Совершенно на ровном месте, без видимой причины, разрывая нехитрую цепочку моих рассуждений, меня, как и накануне, вдруг резко крутануло, и картина перед глазами поплыла, теряя резкость. Но я уже знал, что через секунду резкость восстановится, и был готов поймать это ускользающее мгновение, понять, что же, в конце концов, со мной происходит.

Я машинально продолжал бежать. Все было почти как прежде, но чего-то в пейзаже недоставало. Что-то из него исчезло. Что? Что?

На месте не было МХАТа. Вместо него громоздилась заброшенная кирпичная постройка, величественная и жалкая одновременно. Сотни раз я проходил мимо нее. Лишь много лет спустя, когда я растерял всех школьных друзей кроме Юры Прудника, эти каменные руины в самом центре Москвы превратились в театр.

И что-то в пейзаже было лишним. Я понял, что именно, как только заскрежетали колеса и раздались резкие звонки — один, другой, третий раз нажали на педаль, чтобы расшевелить зазевавшихся прохожих, — я понял, что вдоль бульвара идет красный двухвагонный трамвай.

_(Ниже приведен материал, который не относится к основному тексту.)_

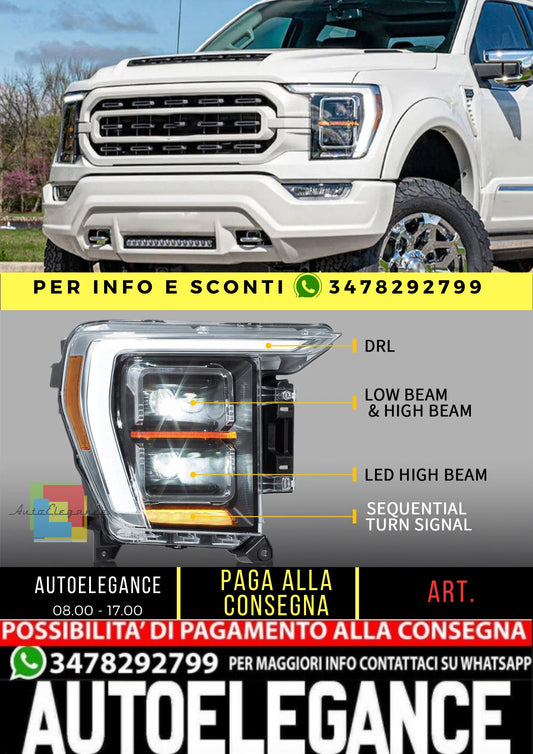 Healights LED Projector for Ford F150 2021-2023 Fourteenth Generation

Трамвай так трамвай. Меня трудно им удивить, хотя я знаю точно, что здесь уже лет тридцать назад сняли рельсы. Просто у меня синдром. Синдром Бауэра — фон Лин-денгроссена. С кем не случается. Вот с этими, что бегут рядом со мной и впереди меня, с ними, должно быть, то же самое. Только отчего они все такие молодые, совсем мальчишки? И почему на них одинаковые голубые майки и черные трусы? И зачем я бегу вместе с ними, стараясь не отставать, и кто этот тощий, с сухими длинными ногами, что бежит впереди всех, и я так хочу догнать его, но знаю, знаю же, что никогда мне этого не сделать, потому что…

Стоп, сказал я себе. Спокойно. И не надо щипать себя за руку, потому что это не сон. Всему найдется объяснение. Не сейчас, так позже. А пока — давай вперед, к финишу, и там, если очень захочется, можешь порассуждать.

И я бежал, стараясь не рассуждать, последнюю сотню метров до финиша, но сердце мое колотилось сильнее прежнего. Там, слева, за оградой бульвара, есть сквер с фонтаном, и у фонтана обычно сидят люди на скамейках — сто раз я видел это, проезжая мимо на троллейбусе, — сидят, конечно, если погода хорошая, а в плохую фонтан не работал, но сквер-то все равно оставался, и еще над ним, на стене углового дома по Сытинскому переулку, висят мудреные часы, по которым никак не понять, сколько же сейчас времени, загадка часового искусства.